Do apelu Benedykta XVI, który wezwał wczoraj o zawieszenie broni w Libii przyłączyli się biskupi Maroka, Algierii, Tunezji i Libii. Regionalna Konferencja Biskupia Afryki Północnej (CERNA) w specjalnym komunikacie przyznała, że w krajach arabskich zachodzą „procesy historycznej ewolucji”. Ponowiła też swój apel o to, aby „znaleźć sprawiedliwe i godne dla wszystkich wyjście z tego bolesnego konfliktu”.
Tekst podpisany przez przewodniczącego CERNA, abp. Vincent’a Landela z Rabatu podkreśla, że niedawne wydarzenia w krajach Maghrebu są „uprawnionym domaganiem się wolności, sprawiedliwości i godności, szczególnie przez młode pokolenie”. Mieszkańcy regionu chcą być traktowani jako odpowiedzialni obywatele, mający możliwość znalezienia pracy, która pozwoli im na godziwe życie, bez konieczności uciekania się do „jakiejkolwiek formy korupcji i klientelizmu”.
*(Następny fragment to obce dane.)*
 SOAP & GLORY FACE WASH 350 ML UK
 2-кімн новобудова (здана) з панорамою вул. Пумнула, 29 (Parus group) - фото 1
Odnosząc się do „wiatru zmian”, jaki wieje obecnie przez Libię, biskupi Afryki Północnej dali wyraz solidarności z biskupami z Trypolisu i Bengazi oraz wszystkimi mieszkańcami tego kraju. Potwierdzili również swój sprzeciw wobec przemocy i wojny.
– Wiemy, że wojna nie jest żadnym rozwiązaniem, a gdy wybucha, jest tak samo nie do opanowania jak wybuch reaktora jądrowego. Pierwszymi ofiarami są zawsze najubożsi i najbardziej pokrzywdzeni. Ponadto, czy chcemy tego, czy nie, wojna na Bliskim Wschodzie, a teraz w Maghrebie, zawsze będzie interpretowana jako „krucjata”. Pociągnie to za sobą nieuniknione konsekwencje w codziennym współżyciu chrześcijan i muzułmanów - uważają hierarchowie.
Członkowie CERNA proszą o dyplomatyczną mediację w konflikcie i apelują o pomoc humanitarną. Modlą się także do Boga, aby „natchnął odpowiedzialnych za narody do znalezienia drogi prowadzącej do sprawiedliwości i pokoju”.